The above factors have forced the price and performance of general purpose computing systems to be much higher than server systems optimized for delivery of multimedia data.
Typically, the acknowledged public activity in addressing the above mentioned limitations have been minimal. One methodology has been in the implementation of an optimization in the placement of data on an array of disks. This architecture is used to maximize the disk throughput in the video server application. A second methodology has been in the implementation of the policy of optimization of buffering of data retrieved from disk to maximize its reuse in the video server application. Another methodology would see the implementation of the optimization of the file systems for accompanying multimedia data.
However, the above mentioned improvements may typically only improve the overall performance of current video server systems by a factor of two or four times, whereas the current need in the Industry requires improvements in the range of 100 to 1000 times current technology to make the interactive streaming video services economically feasible.
Notwithstanding the foregoing, another key to multimedia audio and video streaming is the concept of Quality of Service.
“Quality of Service” (QoS) generally refers to a technique for managing computer system resources such as bandwidth by specifying user visible parameters such as message delivery time. Policy rules are used to describe the operation of network elements to make these guarantees. Relevant standards for QoS in the IETF (Internet Engineering Task Force) are the RSVP (Resource Reservation Protocol) and COPS (Common Open Policy Service) protocols. RSVP allows for the reservation of bandwidth in advance, while COPS allows routers and switches to obtain policy rules from a server.
A major requirement in providing Quality of Service is the ability to deliver video frame data at a guaranteed uniform rate. Failure to maintain Quality of Service may typically result in an image that is jerky or distorted.

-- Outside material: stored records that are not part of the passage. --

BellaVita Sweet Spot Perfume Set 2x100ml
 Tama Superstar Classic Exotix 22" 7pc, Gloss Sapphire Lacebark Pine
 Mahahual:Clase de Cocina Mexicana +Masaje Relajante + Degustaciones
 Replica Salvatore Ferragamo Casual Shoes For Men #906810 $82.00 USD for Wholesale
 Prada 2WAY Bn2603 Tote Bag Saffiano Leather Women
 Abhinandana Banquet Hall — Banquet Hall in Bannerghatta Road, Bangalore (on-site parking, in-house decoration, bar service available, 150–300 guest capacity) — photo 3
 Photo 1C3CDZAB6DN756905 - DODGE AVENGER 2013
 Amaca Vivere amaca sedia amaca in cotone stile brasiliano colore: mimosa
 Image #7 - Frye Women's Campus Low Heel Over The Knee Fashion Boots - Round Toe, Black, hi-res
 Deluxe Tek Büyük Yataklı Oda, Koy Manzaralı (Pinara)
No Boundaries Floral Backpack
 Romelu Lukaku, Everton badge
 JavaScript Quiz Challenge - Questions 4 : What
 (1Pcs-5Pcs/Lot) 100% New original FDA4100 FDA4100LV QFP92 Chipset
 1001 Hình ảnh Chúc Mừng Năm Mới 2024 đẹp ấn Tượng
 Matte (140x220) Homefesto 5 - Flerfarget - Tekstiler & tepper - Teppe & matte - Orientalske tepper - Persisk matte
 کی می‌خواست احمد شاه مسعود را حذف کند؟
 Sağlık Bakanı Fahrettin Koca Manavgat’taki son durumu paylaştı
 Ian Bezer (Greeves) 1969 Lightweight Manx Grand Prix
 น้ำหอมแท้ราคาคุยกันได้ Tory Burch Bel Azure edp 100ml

Traditional server system architectures have not been equipped with the functionality necessary for the implementation of providing Quality of Service on a large scale (more than one dedicated server for each client on the network). With an increasing load on the server systems to provide streaming multimedia applications, an increased volume of user (end-clients), and the above mentioned deficiencies in current server system technology, a need exists to provide a server system architecture which will be able to address this need.
U.S. Pat. No. 5,758,085 (hereinafter, “085′ Patent”) assigned to the Industrial Business Machine (IBM) Corporation addresses the above-named problems by providing a plurality of intelligent switches in a Storage Area Network (SAN) with the server system. When the end-user (client) makes a request to receive video and multimedia data, a request is sent to the host processor which in turn sends a request to a plurality of intelligent switches on the SAN. The intelligent switches include a cache for storing the requested data. The data is relayed directly from these switches to the end-user (client) requesting the multimedia data.                However, the IBM system described above provides for the storage of data onto switches, it does not allow the individual switches to cooperate together as a distributed architecture in order to pool bandwidth together to supply the backbone network. Current technology allows only for a 1-2 Gigabyte data stream coming out of a single peripheral device such as an array of disks, wherein the network backbone may accommodate a 10 Gigabyte or higher data stream. Also, in the '085 Patent, the individual switches are not able to work together to distribute a delivery request over multiple switches for load balancing and streaming of the requested data.        
Accordingly, it is desirable to provide systems and methods that allow for efficient delivery of multi-media and other data content to clients and which overcome problems inherent in existing systems.